I love the LT-1. It's just so torquey, but it's still got enough top end power to make the car honestly fast
(for it's size). It's durable as all heck as long as the optispark and water pump are ok, and it's pretty dang good on gas too...they're rated at 17/25 and they'll take regular octane gas. 0-60 comes up in about 7.2-7.6 or so and they'll run about a 15.2-15.5 quarter mile, depending on how well you can launch them and which rear end you have. And to top it off, it's got a nice, classic pushrod american made V8 sound to it. PLUS it's got an excellent aftermarket support. IMO the LT1 and LS1's are probably the finest "blue collar" high performance engines that GM ever put out.
It could always be faster, but it's very "hot" stock. When driven normally, the acceleration is just so easy, smooth and confident, you never have to go more than maybe quarter throttle. It'll get rubber from a stop with any more than 1/2 throttle (ask me how I know that lol). I didn't dare do a WOT from a stop, but I did do one from about a 20mph roll and it got up to 65 REAL quick. This one had the base 2.56:1 open rear end in it. Mine had the 2.93:1 limited slip differential, due to the trailer towing package mine was ordered with, so it was quicker, but not terribly so. The Northstar, especially the L37 would be quicker, but that engine is more of a high rpm screamer than this one is....this just has power most everywhere in the powerband...it doesn't really ever drop off in the higher RPM's like the 4.9 does.

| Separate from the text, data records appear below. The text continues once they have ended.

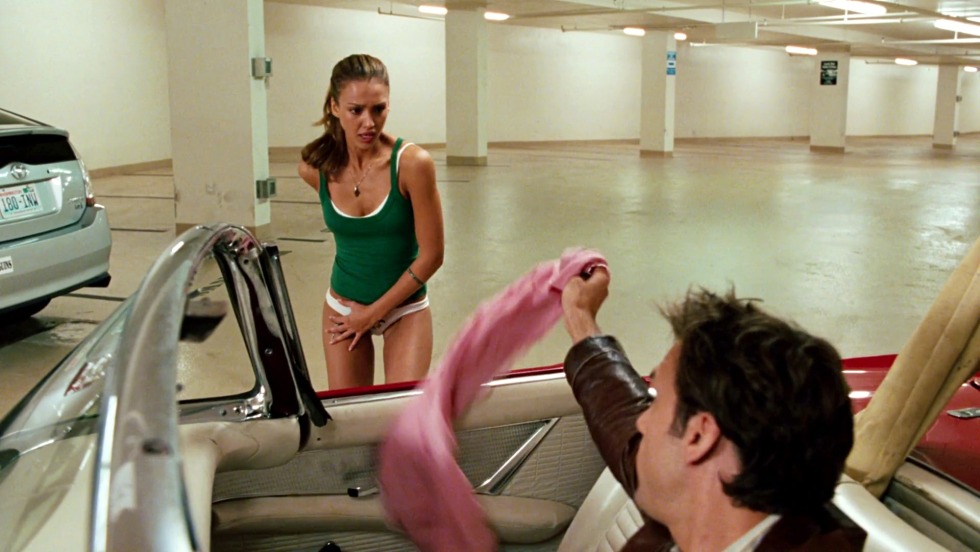 Women with male dignity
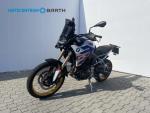 Klikněte pro detailní foto č. 5 - BMW BMW Motorrad F 900 GS  / 77kW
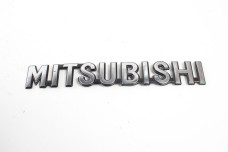 Напис кришки багажника (MITSUBISHI) Mitsubishi Colt (Z30) 2004-2012 MR221441 (101560)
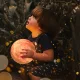 Акумулярний 3D-нічник 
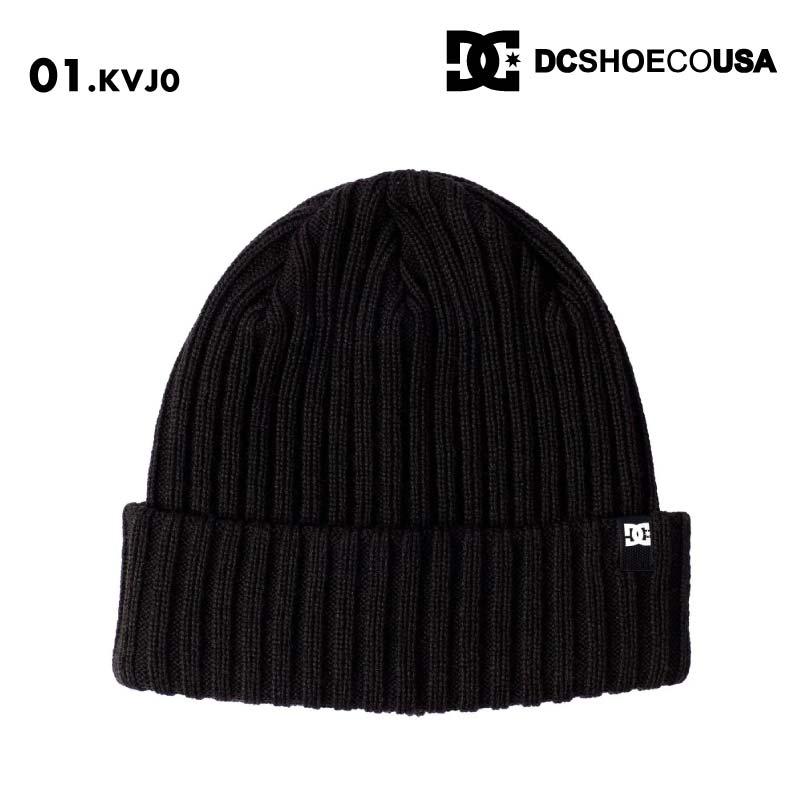 DC SHOES（ディーシーシューズ） ディーシー ニット帽 メンズ FISH N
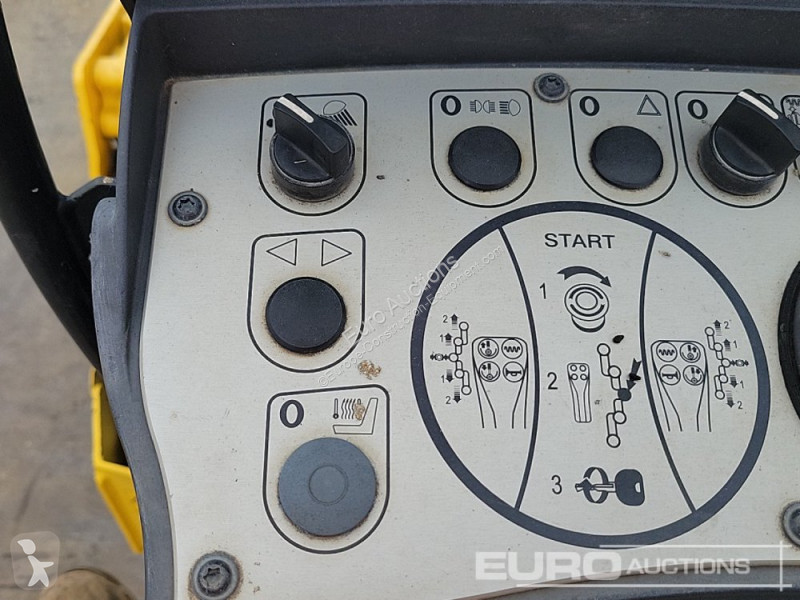 Compactor  BW120AD-5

GM's 4L-60E. No complaints here. Quick, decisive yet smooth shifts and unbeatable reliability. Can't beat that.
Exterior Design: 8.5/10
It's big, it's traditional and it's sleek. My favorite part of the body is the front clip and grille. I love that big, wide low waterfall grill and how it looks when the hood is opened....Jonah the big blue whale. The wraparound tail lights are another favorite part of mine. Overall, the body commands respect, in a mob boss sort of way, but not as quite as much as an all black Fleetwood or Town Car. It's quite intimidating when it's clean, but if not well taken care of it can look like ghetto trash. Of all the last generation B/D bodies, the Roadmaster slightly edges out the Fleetwood IMO to become the best looking of the three sedans.
Interior Design: 7/10
I don't particularly care for the big, flat dashboard, especially the tall, flat face, but it's simple and works well. Everything is easily read and easily reached, but that's expected considering the car's original demographic. I LOVE that huge, legible speedometer. It's just so....easy. At 55k miles, this one was barely broken in and it was a one owner, well taken care of car, so there were no squeaks or rattles to bother anyone. The one I had was beat, so it had plenty of loose panels and rattles, but that wasn't normal for these.
It has a decent amount of nice looking faux wood trim to warm things up inside and maintain a luxurious feeling.
Not particularly soft or comfortable like the seats in a comparable Fleetwood, but they shared the split-frame design, so you can adjust the cushion seperate from the seatback. I remembered them as being flat especially compared to the deVille and it was just like I remembered. It had a power lumbar function but I don't seem to remember it doing much good. They were both power and heated, which was really cool considering that the original owner didn't opt for the leather, but kept the soft cloth material. Legroom in the front was more than adequate, but you seemed to sit awfully close to the floor, even with the seat adjusted up. Legroom in the rear was adequte, but a car of this size, especially one designed for maximum comfort of ALL passengers should have a few more inches of rear seat legroom, and HVAC vents would have been great too, but no biggie. It did have two cupholders in the rear armrest, which had a nice storage area too. Front passengers got a huge clamshell style armrest, with two big cupholders, a space for a small kleenex box and CD's. Overall fit and finish was good for a GM from the '90s, but not as quite as good as their current stuff.
Luxury features: 6/10.
It's a lot simpler than a comparable Cadillac. That can be a good thing or a bad thing. Good when it comes to owning a cheap, simple luxury car, but bad because it lacks the sophistication and finesse often afforded by such luxuries. It's got all the necessities of a modern day luxo-liner (auto HVAC, auto headlights, power seats, mirrors, locks and windows, twilight sentinel, autodimming mirrors, etc etc), but lacks many of the niceties that make a Cadillac a Cadillac....but Park Avenues had a lot of those features too, including one that Cadillac never offered...Heads Up Display...
I guess if it were me, I'd want more of those neat modern day luxuries, but having it simple means less stuff to break and cause headaches and spendy repair bills.
They don't. End of story. :lol:
The steering is extremely smooth and extremely vague. There's very little communication with the front end as to what it's doing, so if you need to perform a quick evasive maneuver, then....good luck. :lol: It's your typical old school GM land yacht so take with that what you will. For as much as I prefer the big RWD luxury cars to the smaller FWD ones, the FWD models steer and handle MILES better than the RWDers.
Extremely smooth. Cross country cruising is what they were designed for and it does it extremely well.
If you like this sort of luxury car, this is right up your alley and superior IMO to the products Ford was offering at the time, but I still think that the best overall B/D body was the 1994-96 Fleetwood Brougham. I prefer something more modern and responsive, but this is a very good car overall.
Here's the car...
Holy crap! I found something that actually makes the S look small!
They wanted $8,000 for it, which was way high, even with the 55,000 miles.